The House version of health reform would, according to the CBO, offset most of its total price not with the administration’s savings plans, which it includes, but with $583 billion in higher taxes.

The House Medicare and Medicaid savings proposals would, according to the CBO, save the federal government only $219 billion, a far cry from the $622 billion the administration projects. In fact, CBO Director Douglas Elmendorf said that while “potential” savings were possible, actual savings would be much harder to achieve.

“Significant savings seem possible because the available evidence implies that a substantial share of spending on health care contributes little if anything to the overall health of the nation,” he said in a June 16 analysis entitled “Health Care Reform and the Federal Budget.”

“Therefore, experts generally agree that changes in government policy have the potential to produce substantial savings in both national and federal spending on health care without harming health,” he said. “However, turning that potential into reality in a sector that accounts for one-sixth of the U.S. economy is likely to be a prolonged and difficult process.”

Elmendorf also said that policy proposals currently under consideration would not save the country any money because the federal government planned to spend just as much, if not more, than it might save.

“Some policy options under consideration would yield savings that grew in tandem with health care spending -- reducing the level of federal spending on health care but not affecting the measured rate of spending growth after the first few years,” he said.

“For example, the largest savings proposed in the president’s budget would arise from a decrease in payments to private health insurance plans operating under the Medicare Advantage program,” said Elmendorf.

He further stated that because Obama’s health reforms would last longer than 10 years, the total cost of his package would not even be offset by his planned savings.

“If enacted, that change would permanently lower the level of Medicare spending, but it would probably not offset a noticeably larger share of the cost of an expansion of insurance coverage in the second 10 years than in the first,” said Elmendorf.

Despite all the president’s proposed cuts in Medicare spending and his promises to “bend the curve” in federal health spending, his budget does not reduce Medicare costs over the next decade, nor does it remedy the multi-trillion dollar deficit the program will incur over that time.

Medicare, which cost the federal government $425 billion in 2009, will see its costs increased by tens of billions of dollars each year, ultimately costing Americans $6.4 trillion by 2019, according to the budget update.
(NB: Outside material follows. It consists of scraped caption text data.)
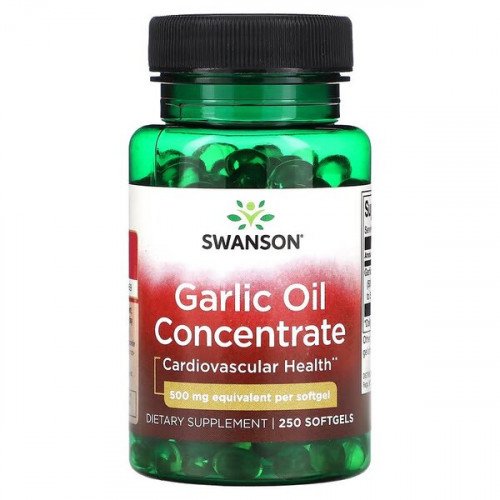 Swanson Garlic Oil Concentrate - 500mg  - 250 softgels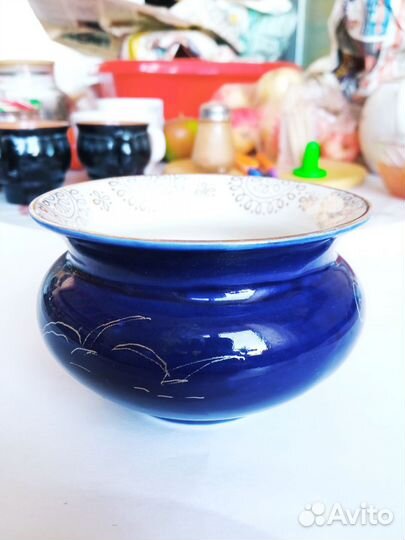 Посуда гжель кобальт лфз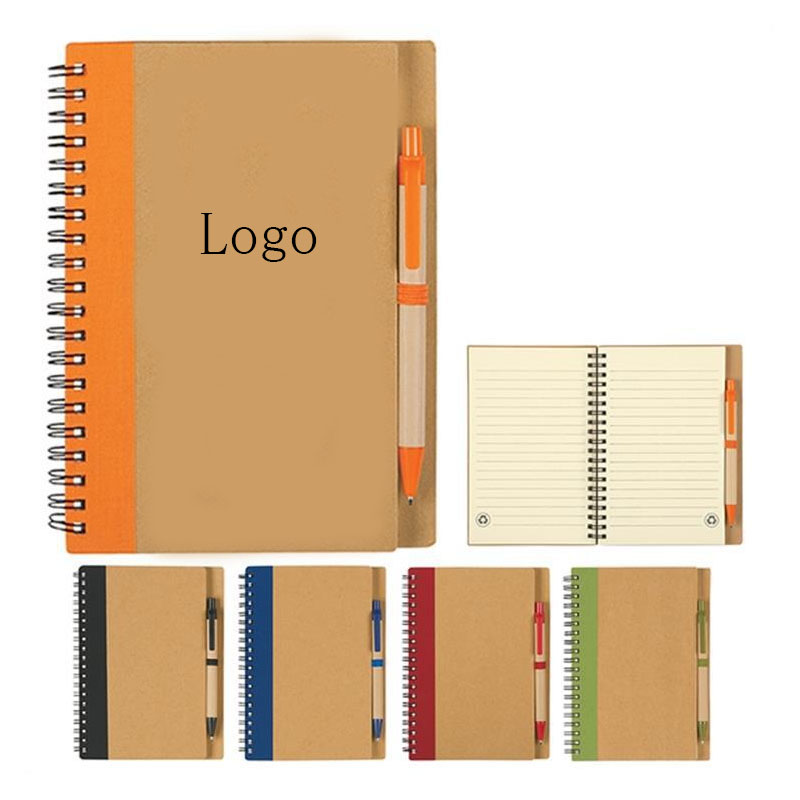 Spiral Notebook W/ Pen 4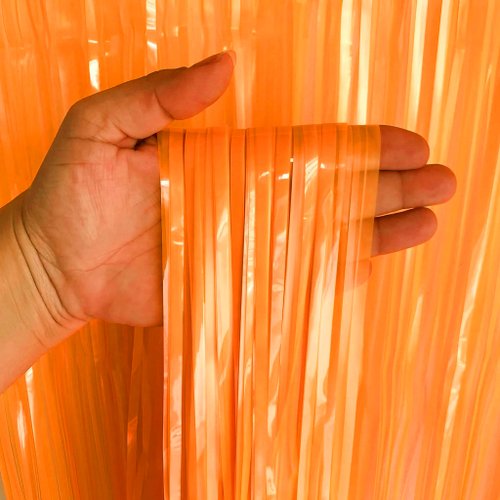 NEON FOIL FRINGE CURTAIN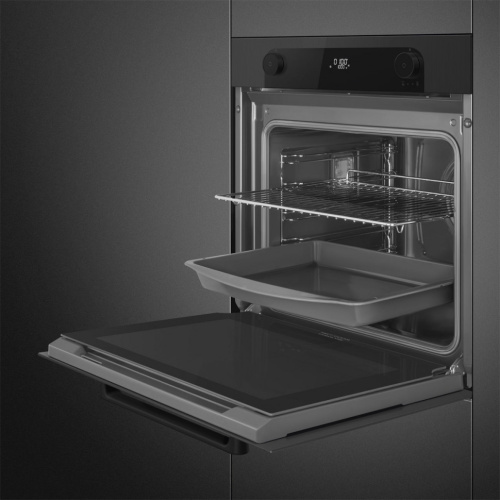 Духовой шкаф с пароувлажнением SMEG SO6201S2B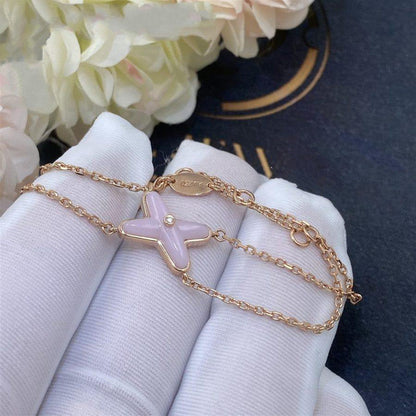 [Mystic]JEUX BRACELET PINK MOP PINK GOLD 1 DIAMOND
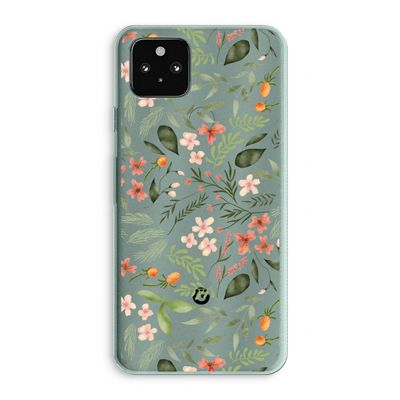 Sweet little flowers: Google Pixel 5a 5G Transparant Hoesje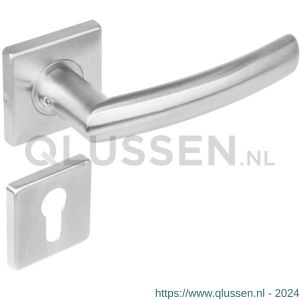 Intersteel Essentials 1248 deurkruk Blok op rozet vierkant met profielcilindergat plaatje RVS 0035.124805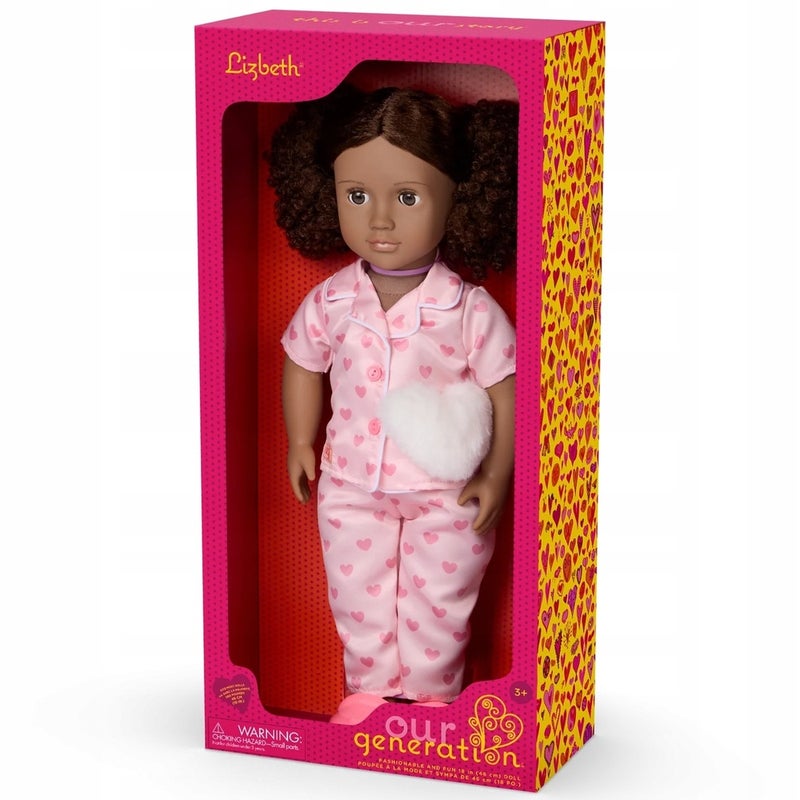 Our Generation - Sleepover Lizbeth Doll with Pajamas and Accessories 46 cm - BD31591Z - Image 5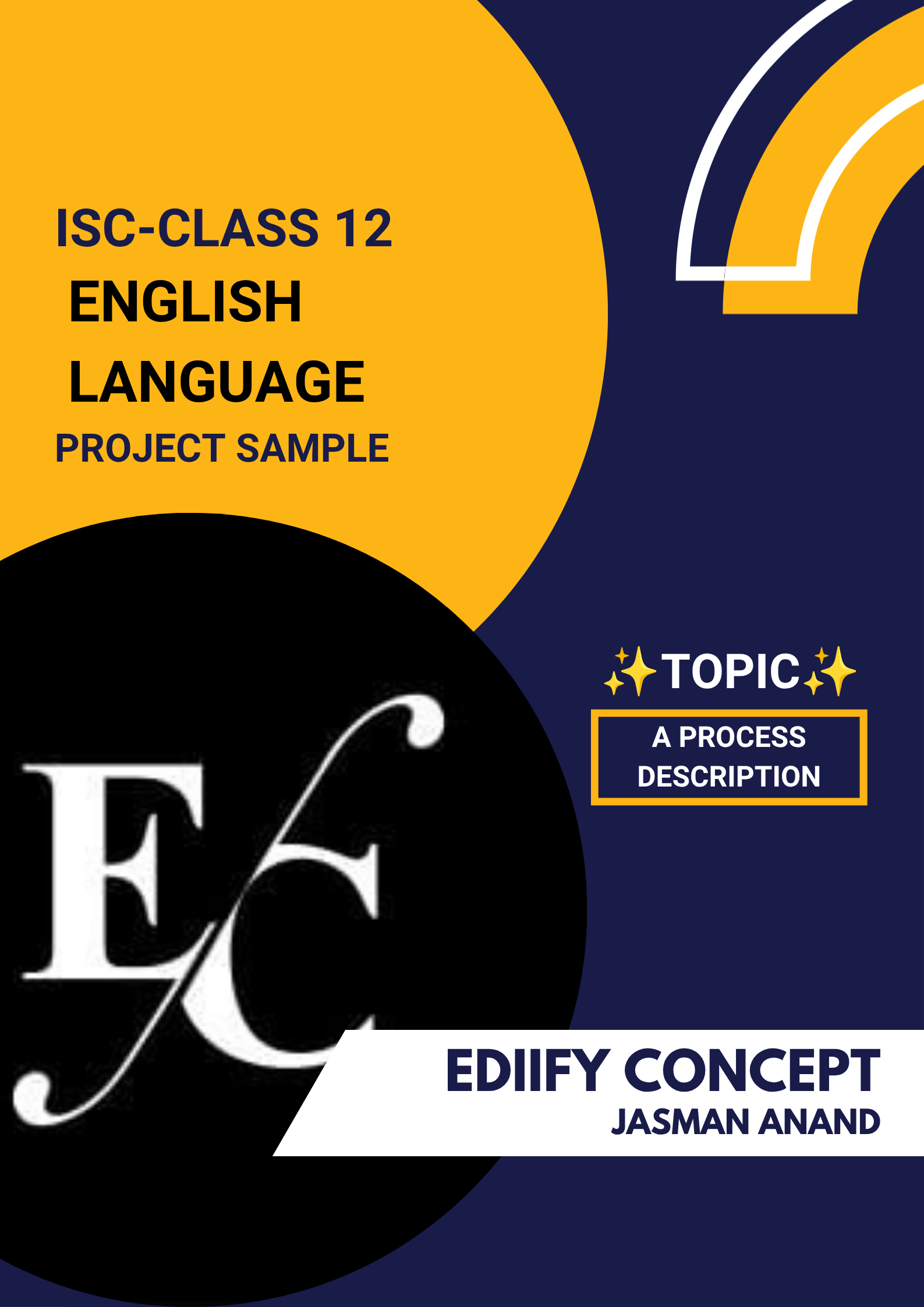 ISC Class 12 English Language Project Sample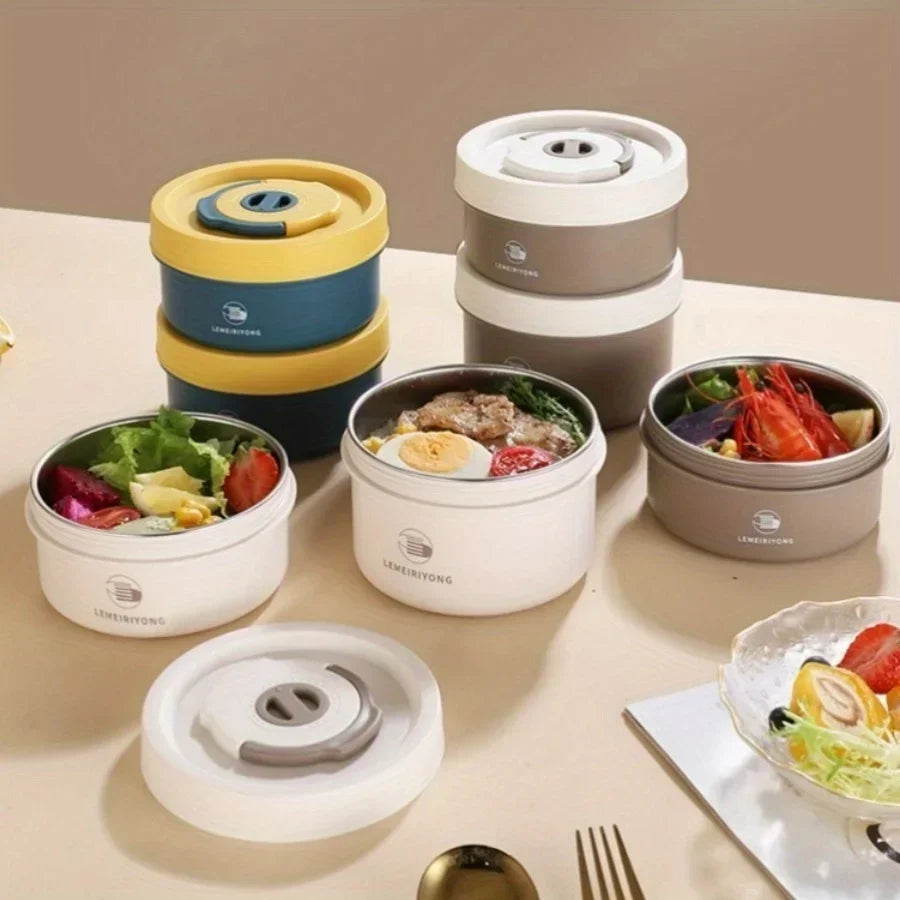 304 stainless steel lunch box, lunch box, insulated lunch box, multi-layer lunch box can be heated in a microwave oven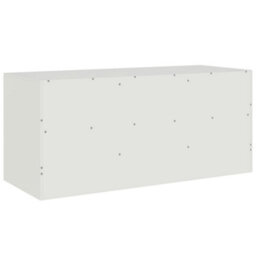 Berkfield Tv Cabinet White 99X39X44 Cm Steel - thumbnail 9
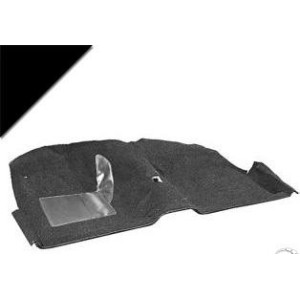 FORD MUSTANG 1983 KIT MOQUETTE Hatchback coupe carpet kit black SCOTT DRAKE CAR83-HB/CP-BK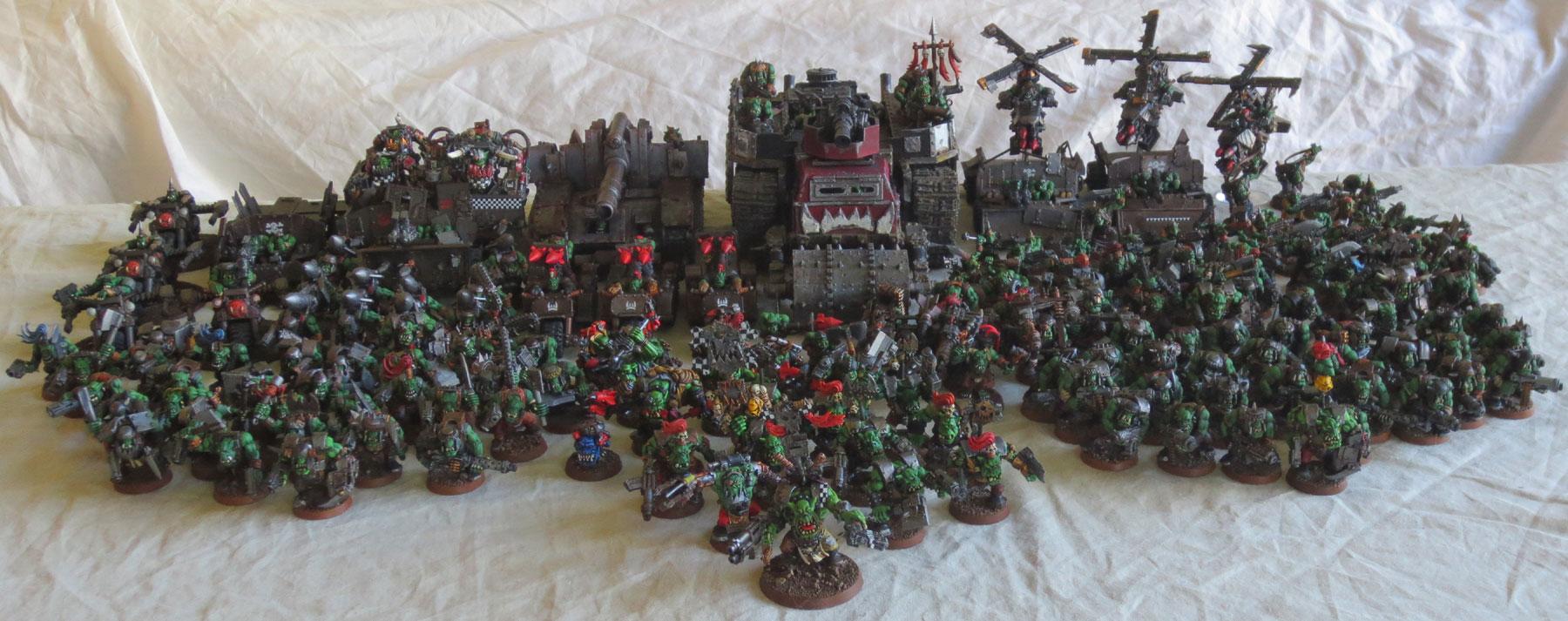 Captain Brown, Captain Brown's Ork Waaagh, Gretchin, Orks, Waaagh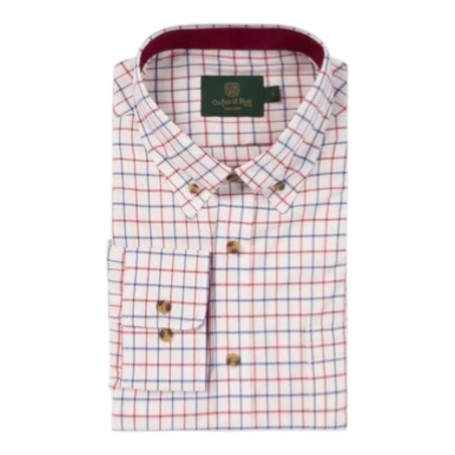 Camisa Oxford Blue Ghent Check Navy/Red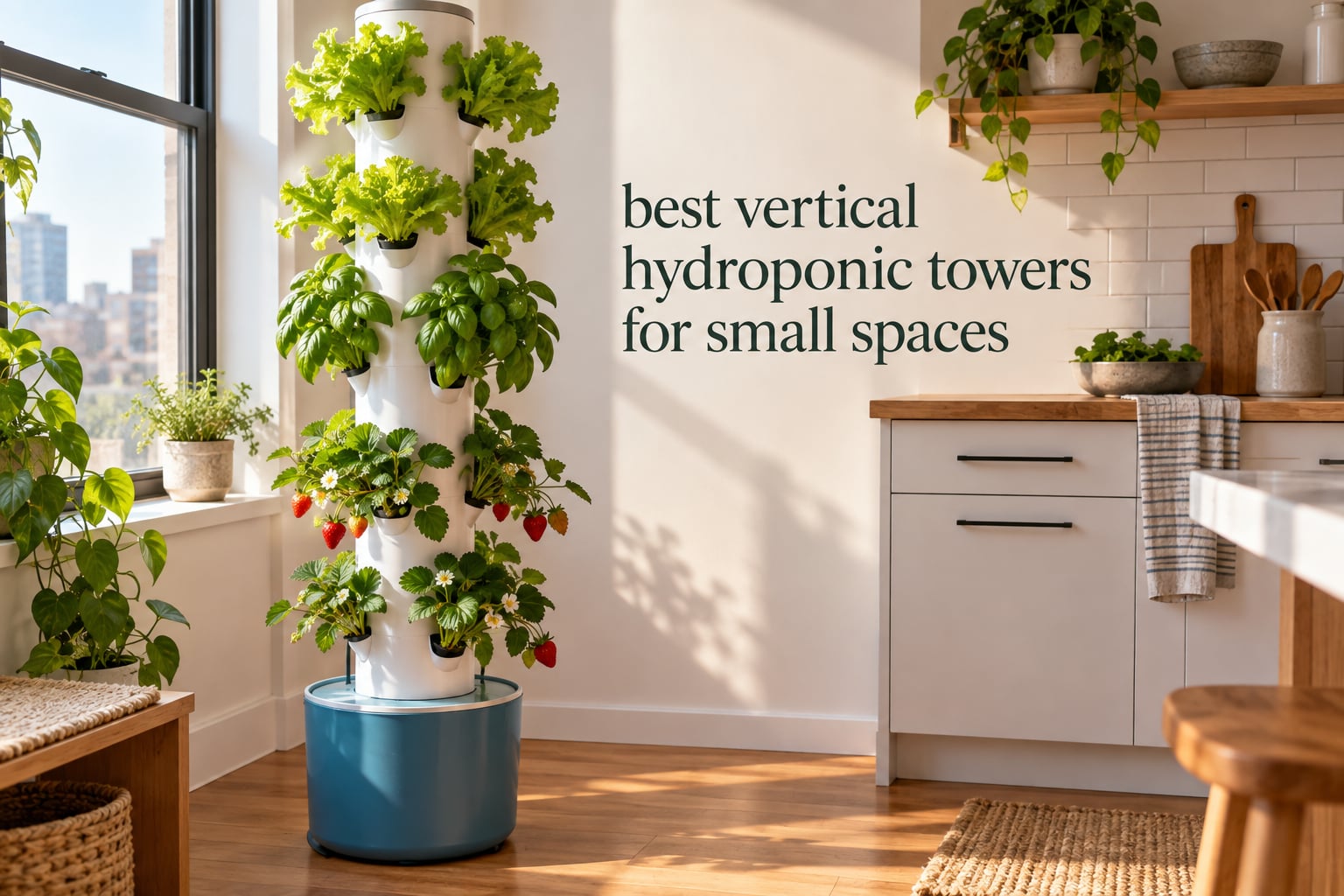 best vertical hydroponic towers for small spaces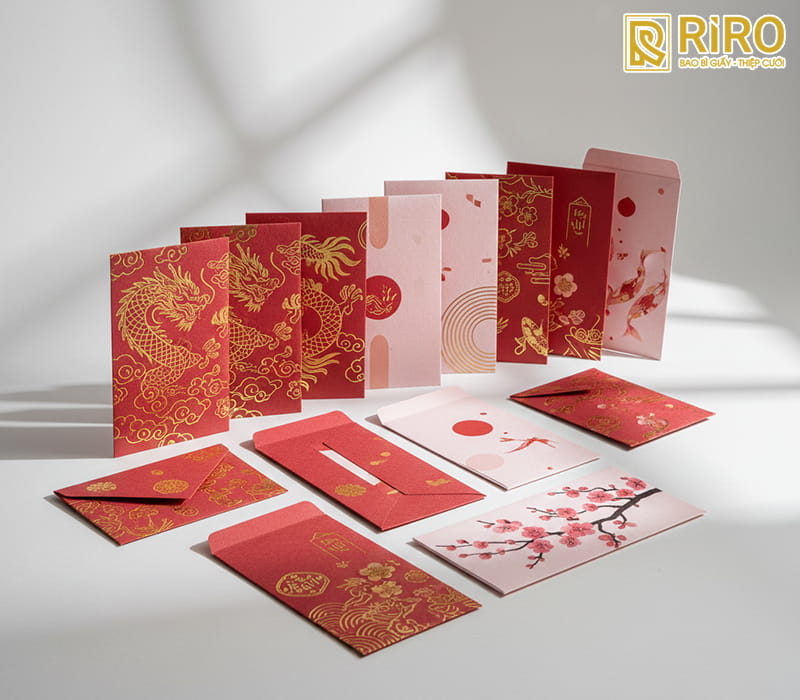 Bộ sưu tập mẫu bao lì xì Best-Seller 2026 tại IN ẤN RIRO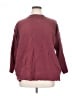 Eileen Fisher 100% Merino Wool Burgundy Wool Pullover Sweater Size XL - photo 1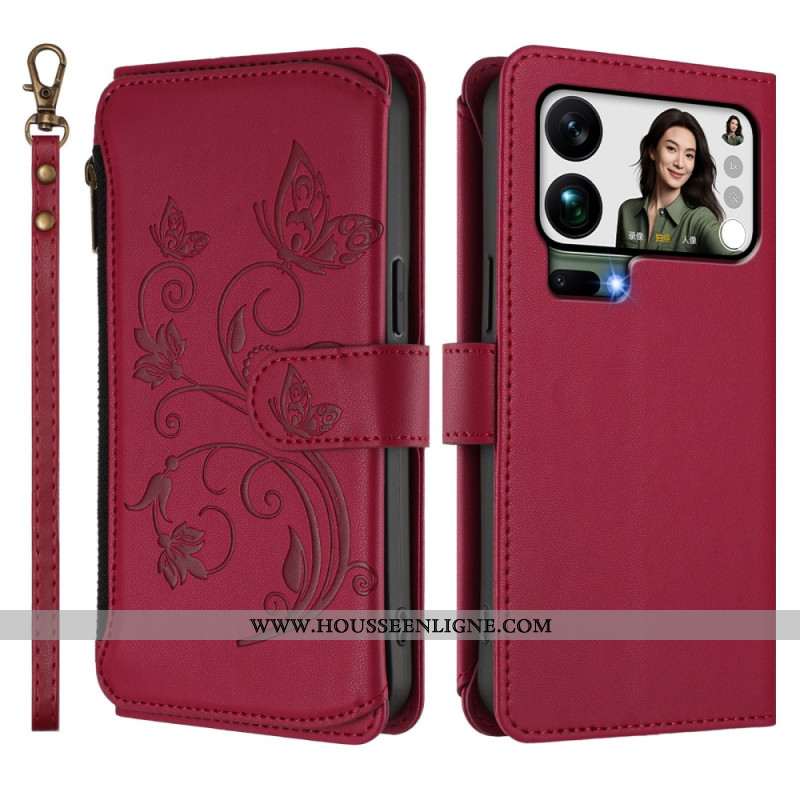 Housse Xiaomi 17 Pro Max Portefeuille Floral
Medicare payroll taxes will not account for anywhere near that amount, totaling $2.5 trillion over the next decade, a deficit of $3.9 trillion.

In fact, Medicare spending will more than double over the next decade, from $425 billion in 2009 to $871 billion in 2019.

That fact, said Elmendorf, would only make the country’s fiscal problems worse.

“Without meaningful reforms,” he added, “the substantial costs of many current proposals to expand federal subsidies for health insurance would be much more likely to worsen the long-run budget outlook than to improve it.”